Namun kemampuan Sani menjadi daya tarik lain. Ia, pada akhirnya melatih SSB Passo. Ia dihadirkan untuk menghadapi Piala Maioa, turnamen U-15 tingkat Provinsi yang diselenggarakan oleh PSSI Maluku.

Turnamen yang ditujukan menjadi seleksi pemain dan pelatih yang akan memperkuat Tim Maluku U-15 untuk Piala Medco pada 2006. Sani menjabat sebagai pelatih kepala dan Josef menemaninya sebagai asisten. Ia kini digaji dan tak perlu begitu risau soal keuangan.

Sani, meski merupakan seorang muslim, tak pernah mendapat tindakan diskrimitatif sebagaimana ditakutkan. Josef, dan anak-anak yang ia latih di SSB Passo berbahasa dengan bahasa yang sama: bahasa sepak bola.

Mungkin mereka sama seperti Sani yang ingin berlari jauh meninggalkan konflik dan ingin hidup tenang menikmati hidup yang mereka yakini. Mungkin mereka sudah jengah untuk menyalahkan. Atau mungkin adalah pola latihan Sani yang tepat guna dan sesuai kepada anak-anak.

Sani, meski ia tahu tuntutannya melatih di SSB Passo, tak ingin membuat anak-anak tergila-gila berkompetisi hingga mereka lupa kesenangan bermain sepak bola. Pun sama seperti yang ia tanamkan di Tulehu Putra, ia tak ingin anak-anaknya lupa bahwa mereka juga patut bersekolah.

BACA JUGA:  Tantangan Menjadi Penggemar Bundesliga di Indonesia

”Seusai latihan, beta usahakan mereka tetap senang dan terhibur. Misalnya, beta mainkan gitar, lalu anak-anak menyanyi. Atau menceritakan enaknya hidup di Jakarta dan memotivasi mereka agar suatu saat mereka bisa ke Jakarta.”

Metode ini membuahkan hasil. Di Piala Maioa, SSB Passo menjadi tim yang ditakuti dan memiliki semangat juang tiada henti. Semangat juang dan latihan yang sesuai berhasil mengantarkan tim ini sampai ke Final.

Sayangnya di final Passo harus bertemu dengan Tulehu Putra. Sani kembali bertemu dengan mantan anak didiknya yang menyayanginya, dan juga Rafi. Laga yang intens dan sarat emosi ini berakhir mengecewakan bagi Passo. Laga itu dimenangkan oleh Tulehu Putra dengan skor 1-0.

Meski kalah, tampak sekali Tuhan memang sayang betul terhadap Sani.
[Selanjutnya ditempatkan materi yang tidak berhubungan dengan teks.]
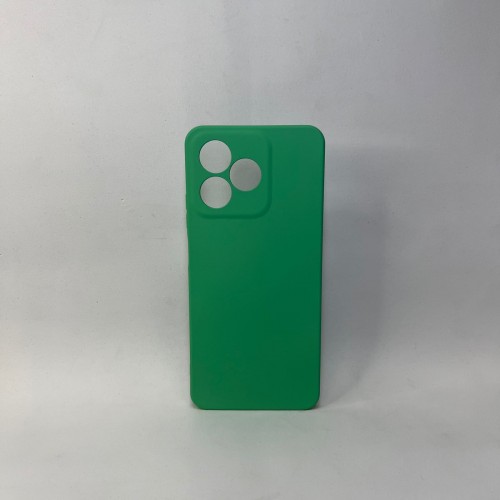 Capa Silicone Verde Realme Note 50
Sani sudah beberapa kali gagal dalam hidupnya. Ia gagal menembus U-15. Gagal dalam mengurus Tulehu Putra. Dan kini gagal mengantar Passo jadi juara.

Tapi Tuhan selalu menunjukkan rencana baik-Nya kepada Sani. PSSI Maluku menyaksikan Sani yang berhasil melatih Passo sebagai suatu hal yang spesial. Dengan catatan pernah membina pemain dengan mayoritas muslim di Tulehu Putra, dan kini melatih pemain mayoritas kristen di Passo, Sani dirasa pantas menjadi pelatih Tim Maluku U-15 yang akan diberangkatkan ke Jakarta.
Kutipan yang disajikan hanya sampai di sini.